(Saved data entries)
******************************

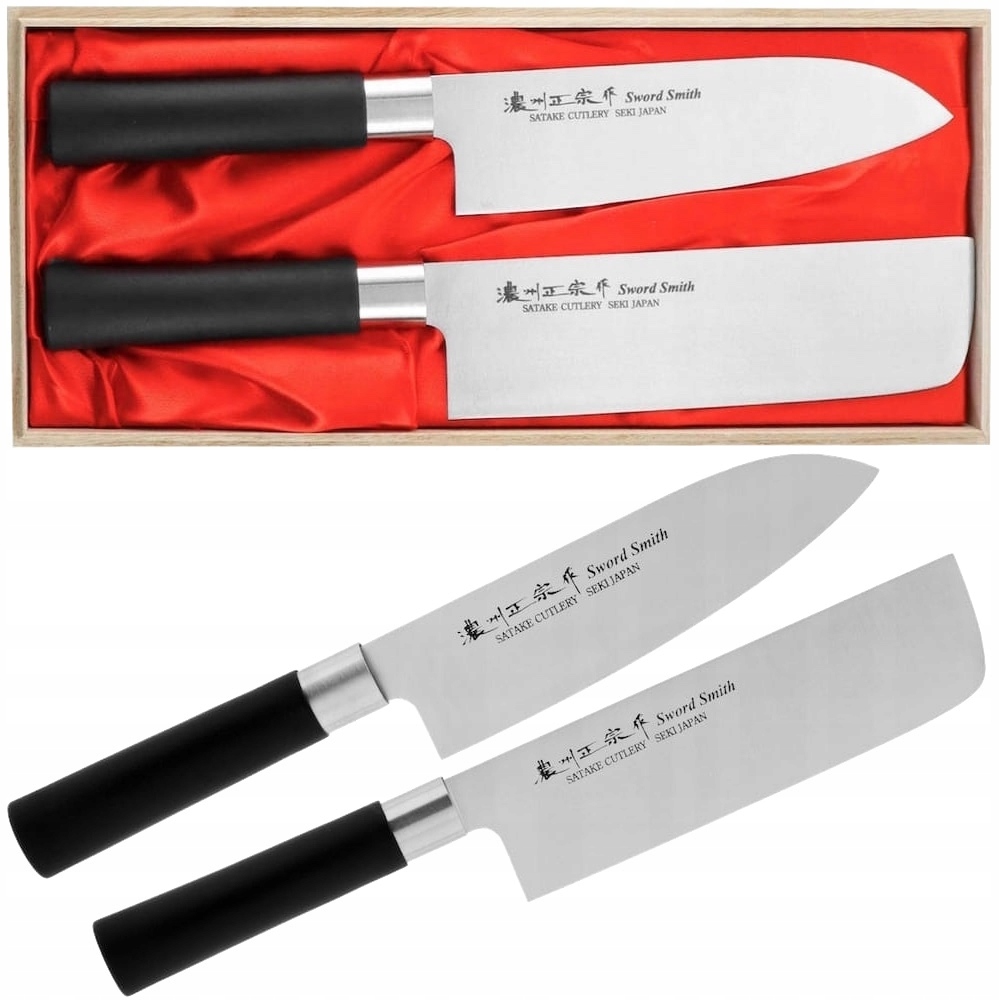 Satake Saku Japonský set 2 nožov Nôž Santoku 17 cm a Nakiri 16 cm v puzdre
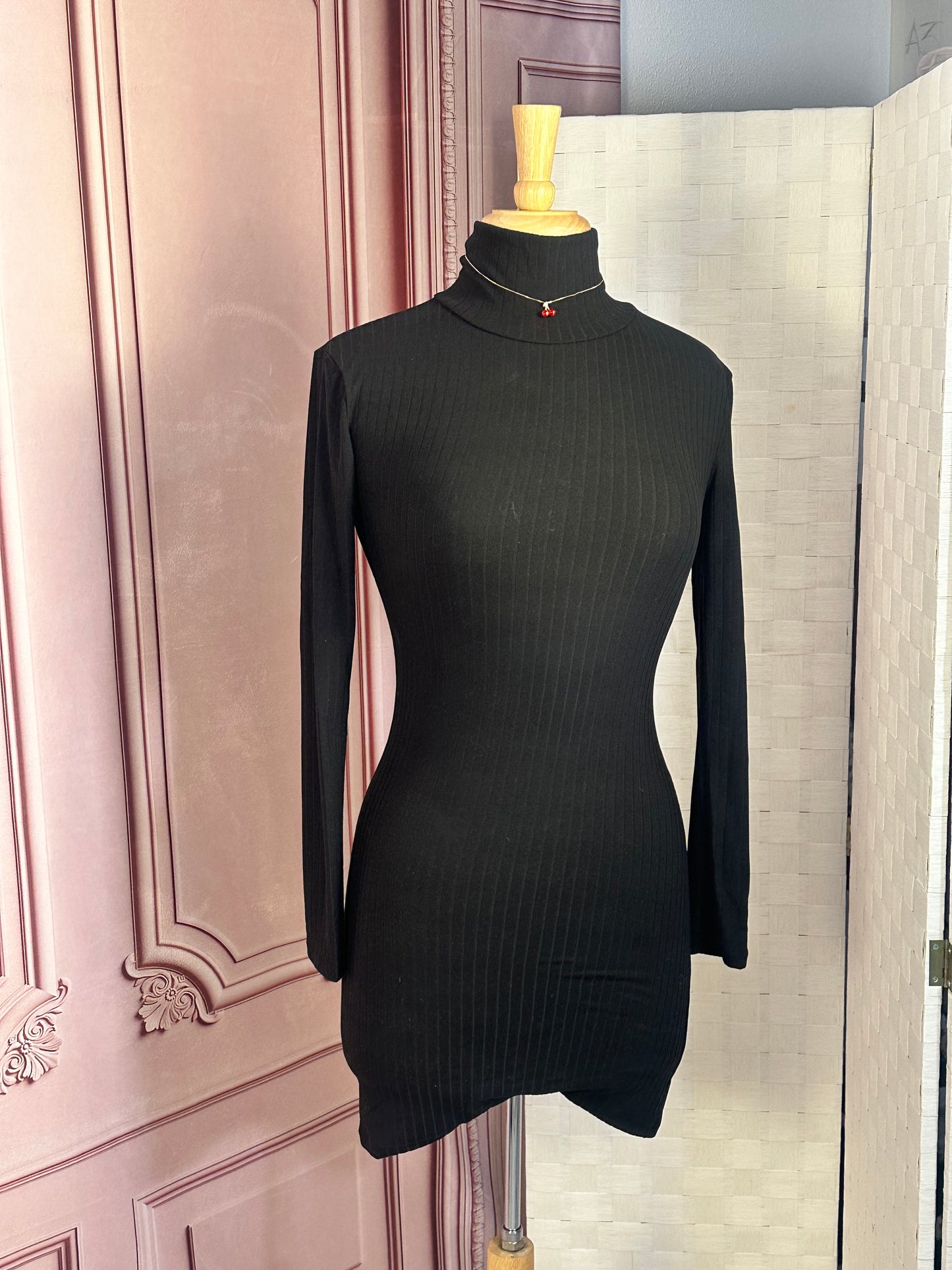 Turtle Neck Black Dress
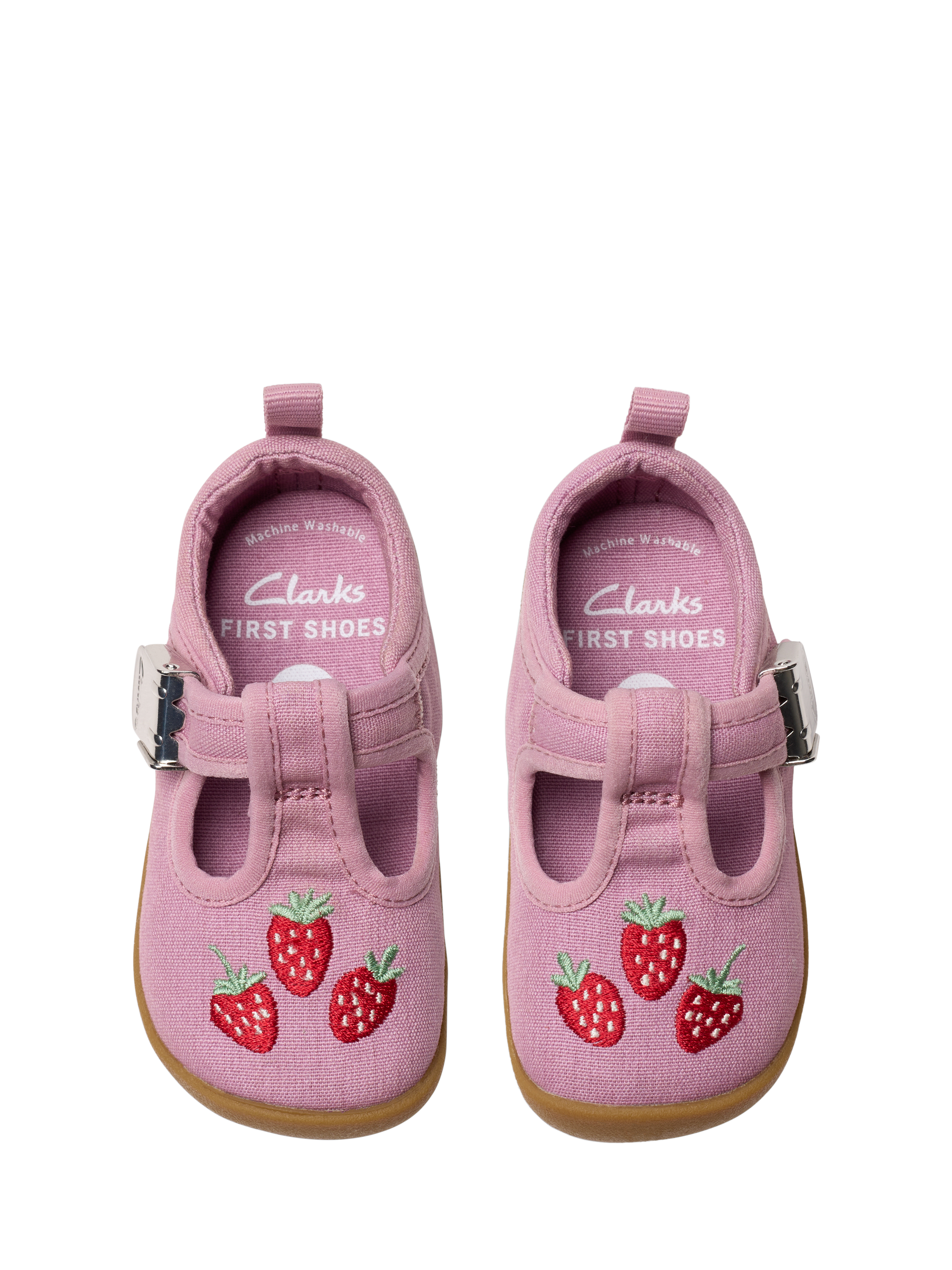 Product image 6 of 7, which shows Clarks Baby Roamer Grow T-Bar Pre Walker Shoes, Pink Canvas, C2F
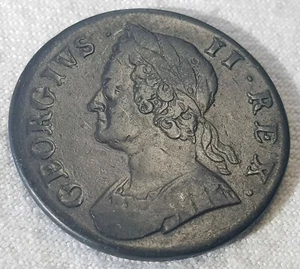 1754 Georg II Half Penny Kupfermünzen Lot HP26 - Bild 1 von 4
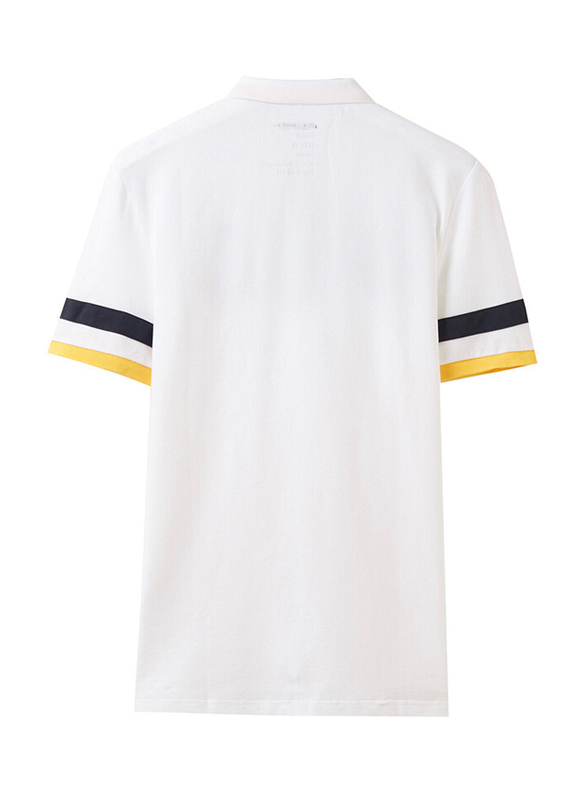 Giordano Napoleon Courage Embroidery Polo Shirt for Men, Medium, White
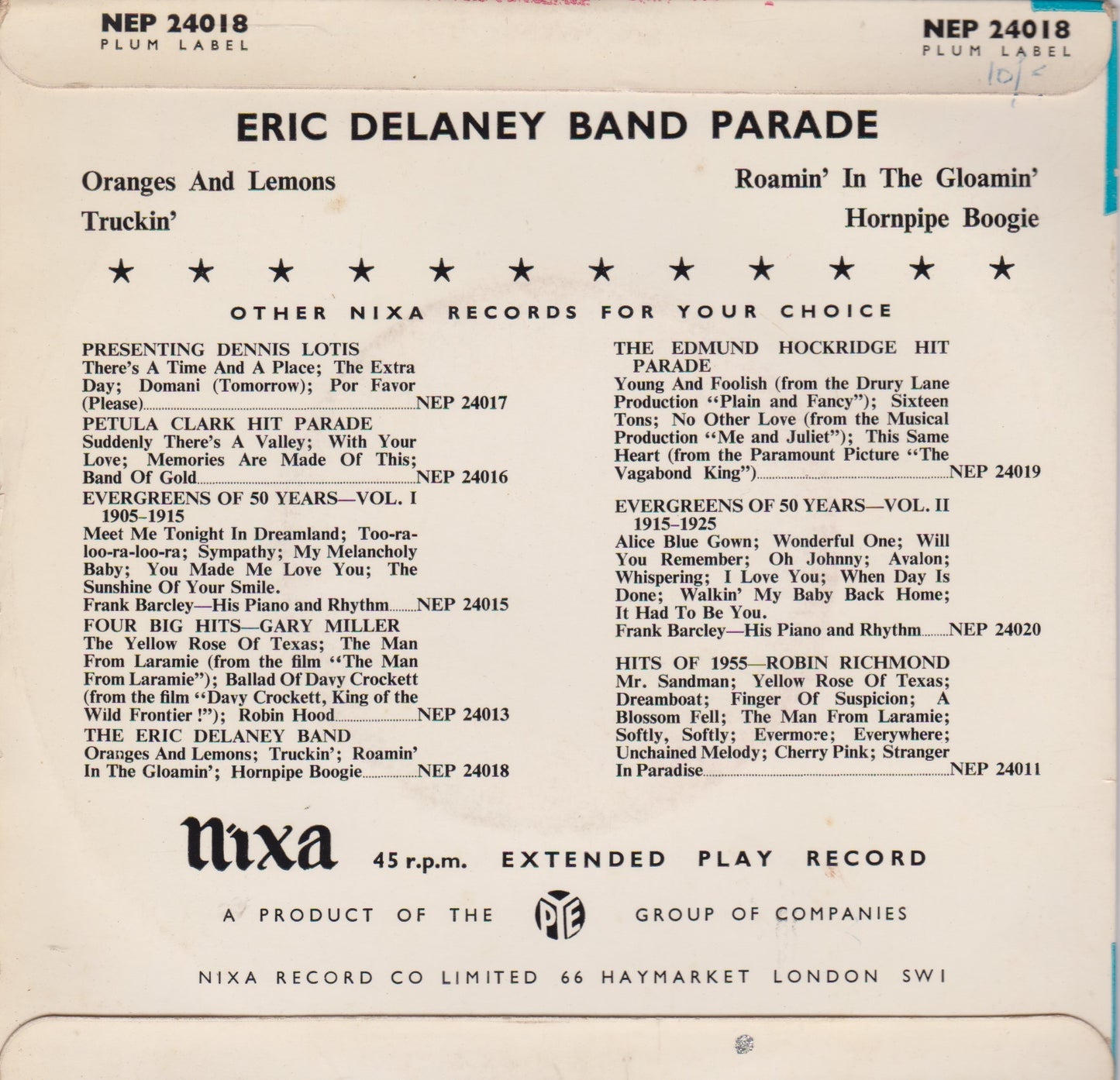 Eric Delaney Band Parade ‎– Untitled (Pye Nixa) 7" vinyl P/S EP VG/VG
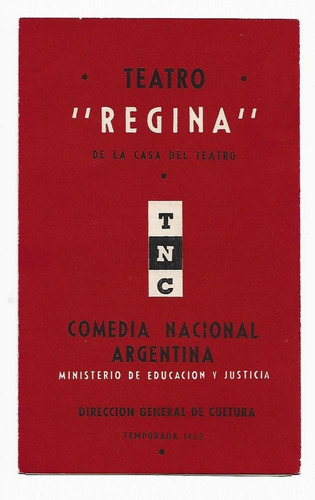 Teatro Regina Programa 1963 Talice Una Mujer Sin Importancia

******************************

*Goal of the exercise:* With the pictures left out, transcribe exactly the lines from the line holding "Product image 6" through the closing line of the entries.

*Solution to the exercise:*
 Product image 6 of 7, which shows Clarks Baby Roamer Grow T-Bar Pre Walker Shoes, Pink Canvas, C2F
 1754 Georg II Half Penny Kupfermünzen Lot HP26 - Bild 1 von 4
 Giordano Napoleon Courage Embroidery Polo Shirt for Men, Medium, White
 Eric Delaney Band Parade ‎– Untitled (Pye Nixa) 7" vinyl P/S EP VG/VG
 Teatro Regina Programa 1963 Talice Una Mujer Sin Importancia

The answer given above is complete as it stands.